### [Instructions to follow]
A faithful copy of every entry, with the pictures removed, is what is needed here.

Records drawn from a dataset
**********
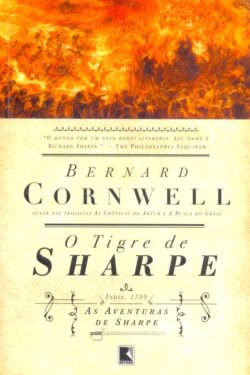 Download O Tigre de Sharpe As Aventuras de Sharpe Vol.1 Bernard Cornwell em epub mobi e pdf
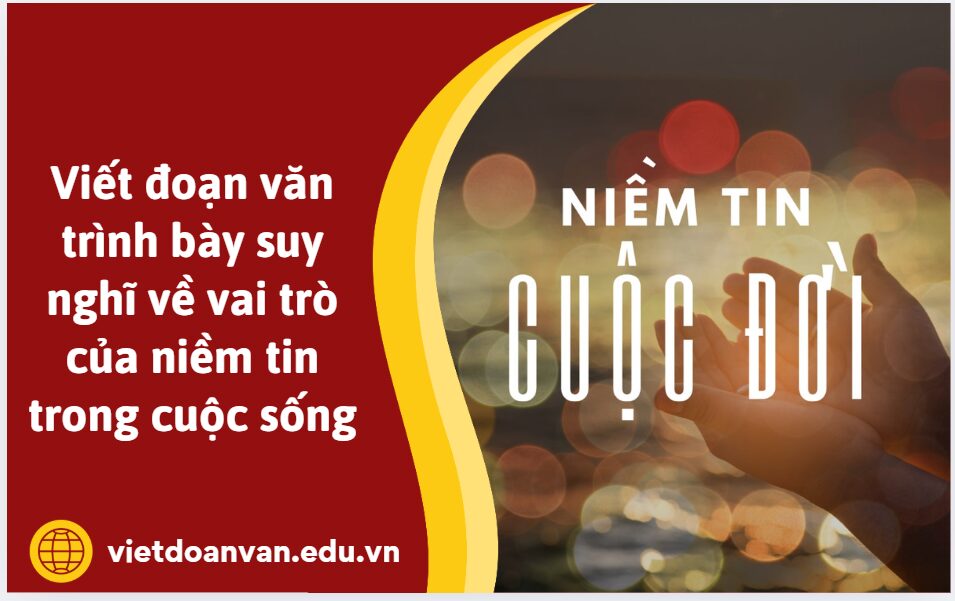 Viết đoạn văn trình bày suy nghĩ về vai trò của niềm tin trong cuộc sống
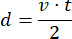Kinematic equation, d=vt/2, solving uniform acceleration; physics formula illustration.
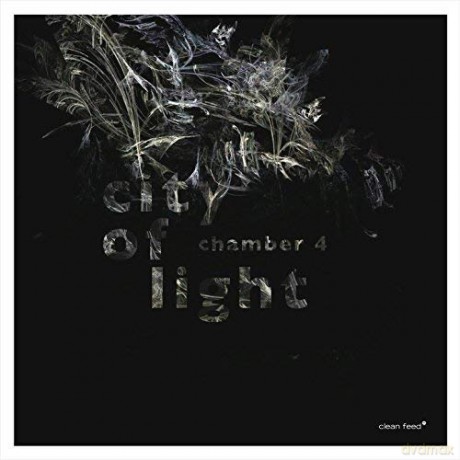 Chamber 4: City Of Light [CD]
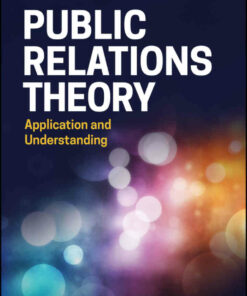 Public Relations Theory: Application and Understanding 1st Edition ebook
**********
### [Solution to the exercise]
 Download O Tigre de Sharpe As Aventuras de Sharpe Vol.1 Bernard Cornwell em epub mobi e pdf
 Viết đoạn văn trình bày suy nghĩ về vai trò của niềm tin trong cuộc sống
Kinematic equation, d=vt/2, solving uniform acceleration; physics formula illustration.
 Chamber 4: City Of Light [CD]
 Public Relations Theory: Application and Understanding 1st Edition ebook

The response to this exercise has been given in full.